Short text fragments from websites:
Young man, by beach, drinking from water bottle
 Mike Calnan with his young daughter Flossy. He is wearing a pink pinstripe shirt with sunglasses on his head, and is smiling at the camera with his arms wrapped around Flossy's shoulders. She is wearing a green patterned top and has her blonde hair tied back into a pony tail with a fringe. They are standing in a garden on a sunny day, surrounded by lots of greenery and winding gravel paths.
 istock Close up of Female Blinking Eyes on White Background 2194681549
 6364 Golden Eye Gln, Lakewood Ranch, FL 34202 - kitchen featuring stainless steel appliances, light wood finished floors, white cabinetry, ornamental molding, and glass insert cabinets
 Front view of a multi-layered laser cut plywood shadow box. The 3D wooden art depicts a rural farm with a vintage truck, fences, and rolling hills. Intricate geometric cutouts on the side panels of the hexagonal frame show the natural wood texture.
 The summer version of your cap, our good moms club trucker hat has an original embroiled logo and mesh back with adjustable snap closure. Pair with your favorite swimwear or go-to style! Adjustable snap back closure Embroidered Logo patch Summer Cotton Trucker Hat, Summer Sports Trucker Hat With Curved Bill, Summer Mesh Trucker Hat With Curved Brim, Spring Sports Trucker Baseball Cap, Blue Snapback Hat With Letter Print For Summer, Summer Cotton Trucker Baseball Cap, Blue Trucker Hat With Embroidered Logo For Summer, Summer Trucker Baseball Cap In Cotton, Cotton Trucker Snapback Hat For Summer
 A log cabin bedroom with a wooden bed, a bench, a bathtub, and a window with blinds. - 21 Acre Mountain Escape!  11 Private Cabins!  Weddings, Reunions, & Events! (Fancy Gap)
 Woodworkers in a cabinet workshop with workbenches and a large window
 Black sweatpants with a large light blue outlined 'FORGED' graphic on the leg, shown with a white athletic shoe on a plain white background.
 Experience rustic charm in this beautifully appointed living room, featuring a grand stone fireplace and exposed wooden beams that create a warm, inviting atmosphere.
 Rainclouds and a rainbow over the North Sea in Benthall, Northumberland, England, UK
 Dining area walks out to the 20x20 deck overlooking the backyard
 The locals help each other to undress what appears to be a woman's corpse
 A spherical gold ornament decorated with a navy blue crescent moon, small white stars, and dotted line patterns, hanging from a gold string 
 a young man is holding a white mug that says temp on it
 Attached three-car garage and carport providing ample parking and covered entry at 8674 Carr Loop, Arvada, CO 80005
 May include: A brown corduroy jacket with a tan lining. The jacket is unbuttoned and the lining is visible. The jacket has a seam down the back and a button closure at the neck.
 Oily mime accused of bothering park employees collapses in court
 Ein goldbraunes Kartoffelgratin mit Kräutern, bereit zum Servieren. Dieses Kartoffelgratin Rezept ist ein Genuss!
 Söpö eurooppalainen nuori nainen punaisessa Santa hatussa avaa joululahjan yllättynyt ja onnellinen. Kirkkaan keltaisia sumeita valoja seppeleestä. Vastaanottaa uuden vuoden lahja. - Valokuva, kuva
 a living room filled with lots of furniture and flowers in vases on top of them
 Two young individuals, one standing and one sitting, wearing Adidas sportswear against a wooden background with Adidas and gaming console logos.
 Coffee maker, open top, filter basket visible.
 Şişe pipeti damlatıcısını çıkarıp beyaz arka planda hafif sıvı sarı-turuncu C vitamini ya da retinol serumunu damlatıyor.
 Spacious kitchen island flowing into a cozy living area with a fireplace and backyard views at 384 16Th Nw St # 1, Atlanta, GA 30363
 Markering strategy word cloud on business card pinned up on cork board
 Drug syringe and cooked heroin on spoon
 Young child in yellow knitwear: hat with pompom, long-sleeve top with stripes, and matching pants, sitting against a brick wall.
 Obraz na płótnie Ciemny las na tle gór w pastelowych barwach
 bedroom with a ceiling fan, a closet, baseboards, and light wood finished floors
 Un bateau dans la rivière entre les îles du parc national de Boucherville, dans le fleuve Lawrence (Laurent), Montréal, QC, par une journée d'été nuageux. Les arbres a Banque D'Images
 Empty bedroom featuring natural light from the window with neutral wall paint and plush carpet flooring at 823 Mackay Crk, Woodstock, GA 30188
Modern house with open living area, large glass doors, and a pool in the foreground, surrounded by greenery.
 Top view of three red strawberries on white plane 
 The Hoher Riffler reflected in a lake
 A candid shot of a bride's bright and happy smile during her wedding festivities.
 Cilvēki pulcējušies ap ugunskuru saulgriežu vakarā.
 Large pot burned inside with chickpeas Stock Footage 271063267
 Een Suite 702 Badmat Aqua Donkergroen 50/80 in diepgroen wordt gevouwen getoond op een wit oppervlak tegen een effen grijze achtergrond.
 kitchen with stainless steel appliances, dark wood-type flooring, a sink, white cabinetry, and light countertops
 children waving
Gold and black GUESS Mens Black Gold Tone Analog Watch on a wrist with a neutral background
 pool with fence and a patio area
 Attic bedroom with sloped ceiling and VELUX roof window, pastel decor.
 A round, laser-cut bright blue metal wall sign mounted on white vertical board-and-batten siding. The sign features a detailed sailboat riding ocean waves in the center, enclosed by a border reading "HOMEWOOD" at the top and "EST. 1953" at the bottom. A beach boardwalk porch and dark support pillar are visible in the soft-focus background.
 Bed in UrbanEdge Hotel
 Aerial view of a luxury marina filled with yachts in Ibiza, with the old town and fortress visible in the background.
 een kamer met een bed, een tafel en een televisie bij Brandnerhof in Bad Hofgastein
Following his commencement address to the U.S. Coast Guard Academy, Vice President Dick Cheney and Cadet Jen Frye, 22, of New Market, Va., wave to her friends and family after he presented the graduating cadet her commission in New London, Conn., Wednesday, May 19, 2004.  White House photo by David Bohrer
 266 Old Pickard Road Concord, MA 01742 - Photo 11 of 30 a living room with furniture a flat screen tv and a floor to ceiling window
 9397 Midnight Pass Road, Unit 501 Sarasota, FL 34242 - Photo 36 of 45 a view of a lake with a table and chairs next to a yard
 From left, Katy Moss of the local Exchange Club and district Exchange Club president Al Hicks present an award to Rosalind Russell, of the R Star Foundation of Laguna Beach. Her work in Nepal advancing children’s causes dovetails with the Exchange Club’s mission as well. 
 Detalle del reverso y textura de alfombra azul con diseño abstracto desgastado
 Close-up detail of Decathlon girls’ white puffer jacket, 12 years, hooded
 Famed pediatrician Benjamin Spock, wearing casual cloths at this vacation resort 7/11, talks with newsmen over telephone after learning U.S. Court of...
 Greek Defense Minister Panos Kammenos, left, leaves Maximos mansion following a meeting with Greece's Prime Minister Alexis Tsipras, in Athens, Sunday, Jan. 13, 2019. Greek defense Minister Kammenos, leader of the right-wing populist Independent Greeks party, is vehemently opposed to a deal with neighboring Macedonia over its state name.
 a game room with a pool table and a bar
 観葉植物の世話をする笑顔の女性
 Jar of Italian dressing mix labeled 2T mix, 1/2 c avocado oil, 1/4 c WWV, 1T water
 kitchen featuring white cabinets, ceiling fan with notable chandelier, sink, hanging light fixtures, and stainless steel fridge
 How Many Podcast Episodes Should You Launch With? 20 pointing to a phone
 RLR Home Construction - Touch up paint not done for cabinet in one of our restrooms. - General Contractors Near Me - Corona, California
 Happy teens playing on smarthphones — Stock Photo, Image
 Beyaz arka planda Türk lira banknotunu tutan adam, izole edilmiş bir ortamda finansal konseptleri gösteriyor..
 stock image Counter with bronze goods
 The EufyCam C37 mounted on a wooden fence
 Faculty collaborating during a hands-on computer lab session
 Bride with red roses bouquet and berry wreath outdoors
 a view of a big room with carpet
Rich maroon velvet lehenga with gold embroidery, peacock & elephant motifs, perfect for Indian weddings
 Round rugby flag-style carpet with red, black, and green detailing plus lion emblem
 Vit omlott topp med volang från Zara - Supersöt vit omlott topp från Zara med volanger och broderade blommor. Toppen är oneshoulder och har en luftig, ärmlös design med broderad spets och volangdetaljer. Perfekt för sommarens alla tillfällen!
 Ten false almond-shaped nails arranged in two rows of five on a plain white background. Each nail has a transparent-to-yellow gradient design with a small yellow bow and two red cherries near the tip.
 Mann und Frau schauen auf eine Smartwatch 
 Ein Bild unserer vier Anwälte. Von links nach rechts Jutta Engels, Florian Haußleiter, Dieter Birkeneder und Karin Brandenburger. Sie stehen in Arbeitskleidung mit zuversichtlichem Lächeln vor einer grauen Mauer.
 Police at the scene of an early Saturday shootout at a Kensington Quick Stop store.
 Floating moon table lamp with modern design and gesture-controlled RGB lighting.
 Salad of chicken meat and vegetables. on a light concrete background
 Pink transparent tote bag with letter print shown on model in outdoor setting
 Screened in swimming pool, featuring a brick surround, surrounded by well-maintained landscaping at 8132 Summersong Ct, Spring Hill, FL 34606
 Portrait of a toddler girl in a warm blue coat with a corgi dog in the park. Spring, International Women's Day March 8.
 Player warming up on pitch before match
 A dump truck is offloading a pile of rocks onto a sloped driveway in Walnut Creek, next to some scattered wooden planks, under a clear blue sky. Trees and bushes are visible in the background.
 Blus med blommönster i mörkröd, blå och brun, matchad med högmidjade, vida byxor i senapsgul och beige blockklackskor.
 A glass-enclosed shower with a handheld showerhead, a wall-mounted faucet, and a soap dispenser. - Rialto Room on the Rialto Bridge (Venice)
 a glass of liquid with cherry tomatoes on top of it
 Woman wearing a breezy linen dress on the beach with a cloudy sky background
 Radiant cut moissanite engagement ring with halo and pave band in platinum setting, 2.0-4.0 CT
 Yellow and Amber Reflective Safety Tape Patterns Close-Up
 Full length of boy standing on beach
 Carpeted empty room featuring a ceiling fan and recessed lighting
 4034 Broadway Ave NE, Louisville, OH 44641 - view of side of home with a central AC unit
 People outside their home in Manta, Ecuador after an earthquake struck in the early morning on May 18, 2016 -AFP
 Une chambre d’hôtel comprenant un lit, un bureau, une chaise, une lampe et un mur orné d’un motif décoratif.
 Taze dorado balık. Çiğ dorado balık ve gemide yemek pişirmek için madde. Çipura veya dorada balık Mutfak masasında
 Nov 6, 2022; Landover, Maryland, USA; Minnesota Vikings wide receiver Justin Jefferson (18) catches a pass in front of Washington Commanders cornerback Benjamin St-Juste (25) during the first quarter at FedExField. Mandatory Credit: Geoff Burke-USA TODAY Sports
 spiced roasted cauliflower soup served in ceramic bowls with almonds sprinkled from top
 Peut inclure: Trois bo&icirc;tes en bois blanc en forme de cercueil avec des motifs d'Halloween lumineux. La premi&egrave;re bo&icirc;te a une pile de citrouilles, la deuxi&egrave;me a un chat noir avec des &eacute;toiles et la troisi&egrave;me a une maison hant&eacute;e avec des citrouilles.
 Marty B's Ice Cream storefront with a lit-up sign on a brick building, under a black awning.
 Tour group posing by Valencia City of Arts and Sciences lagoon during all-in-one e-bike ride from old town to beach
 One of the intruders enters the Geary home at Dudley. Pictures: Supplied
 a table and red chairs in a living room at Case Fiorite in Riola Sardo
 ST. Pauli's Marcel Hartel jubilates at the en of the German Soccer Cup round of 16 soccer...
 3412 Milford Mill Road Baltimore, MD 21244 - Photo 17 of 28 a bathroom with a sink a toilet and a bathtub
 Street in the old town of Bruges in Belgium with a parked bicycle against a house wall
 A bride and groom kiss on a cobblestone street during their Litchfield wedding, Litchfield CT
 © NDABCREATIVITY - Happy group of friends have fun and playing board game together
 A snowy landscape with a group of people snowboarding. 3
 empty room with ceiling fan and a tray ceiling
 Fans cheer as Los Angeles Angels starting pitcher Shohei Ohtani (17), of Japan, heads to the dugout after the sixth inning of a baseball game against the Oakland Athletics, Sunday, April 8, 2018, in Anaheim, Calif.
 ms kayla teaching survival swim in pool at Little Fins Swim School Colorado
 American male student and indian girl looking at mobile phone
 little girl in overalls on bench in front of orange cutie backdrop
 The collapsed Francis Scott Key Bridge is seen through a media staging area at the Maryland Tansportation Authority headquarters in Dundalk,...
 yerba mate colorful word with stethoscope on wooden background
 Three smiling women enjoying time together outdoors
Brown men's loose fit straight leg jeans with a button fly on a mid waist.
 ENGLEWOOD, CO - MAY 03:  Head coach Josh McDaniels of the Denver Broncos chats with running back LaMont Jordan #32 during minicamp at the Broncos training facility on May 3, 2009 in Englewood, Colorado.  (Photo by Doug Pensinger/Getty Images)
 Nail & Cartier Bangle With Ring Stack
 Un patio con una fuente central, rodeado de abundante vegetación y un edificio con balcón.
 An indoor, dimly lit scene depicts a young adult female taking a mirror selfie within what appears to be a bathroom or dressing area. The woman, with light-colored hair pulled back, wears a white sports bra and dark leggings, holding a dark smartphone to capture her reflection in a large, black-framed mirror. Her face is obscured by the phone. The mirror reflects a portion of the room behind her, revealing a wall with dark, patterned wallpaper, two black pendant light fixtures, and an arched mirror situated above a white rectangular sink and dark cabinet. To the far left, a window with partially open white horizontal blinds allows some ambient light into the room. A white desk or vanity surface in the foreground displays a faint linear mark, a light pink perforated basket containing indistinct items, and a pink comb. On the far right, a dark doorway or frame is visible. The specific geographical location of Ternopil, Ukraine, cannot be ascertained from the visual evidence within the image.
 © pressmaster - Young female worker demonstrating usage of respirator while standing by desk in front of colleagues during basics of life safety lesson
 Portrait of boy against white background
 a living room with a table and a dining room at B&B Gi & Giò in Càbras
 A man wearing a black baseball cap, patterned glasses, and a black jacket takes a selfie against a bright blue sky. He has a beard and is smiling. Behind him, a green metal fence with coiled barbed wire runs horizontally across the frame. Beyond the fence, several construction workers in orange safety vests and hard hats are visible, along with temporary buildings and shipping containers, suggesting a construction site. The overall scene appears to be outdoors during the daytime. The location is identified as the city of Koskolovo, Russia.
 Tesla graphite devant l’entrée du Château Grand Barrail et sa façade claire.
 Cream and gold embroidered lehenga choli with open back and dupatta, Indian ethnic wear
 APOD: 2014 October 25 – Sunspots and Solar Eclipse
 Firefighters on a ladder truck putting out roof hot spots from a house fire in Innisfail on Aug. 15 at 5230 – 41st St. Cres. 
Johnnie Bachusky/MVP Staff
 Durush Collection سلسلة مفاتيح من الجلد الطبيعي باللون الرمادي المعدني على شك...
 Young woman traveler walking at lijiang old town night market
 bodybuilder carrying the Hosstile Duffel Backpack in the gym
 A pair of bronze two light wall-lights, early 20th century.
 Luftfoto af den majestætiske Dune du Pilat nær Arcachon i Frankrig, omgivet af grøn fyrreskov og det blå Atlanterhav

WHAT YOU WILL DO: Could you restate word for word the lines above from the one containing "little girl in" through the one containing "Un patio con", both included, and nothing else?

OUTPUT BELOW:
 little girl in overalls on bench in front of orange cutie backdrop
 The collapsed Francis Scott Key Bridge is seen through a media staging area at the Maryland Tansportation Authority headquarters in Dundalk,...
 yerba mate colorful word with stethoscope on wooden background
 Three smiling women enjoying time together outdoors
Brown men's loose fit straight leg jeans with a button fly on a mid waist.
 ENGLEWOOD, CO - MAY 03:  Head coach Josh McDaniels of the Denver Broncos chats with running back LaMont Jordan #32 during minicamp at the Broncos training facility on May 3, 2009 in Englewood, Colorado.  (Photo by Doug Pensinger/Getty Images)
 Nail & Cartier Bangle With Ring Stack
 Un patio con una fuente central, rodeado de abundante vegetación y un edificio con balcón.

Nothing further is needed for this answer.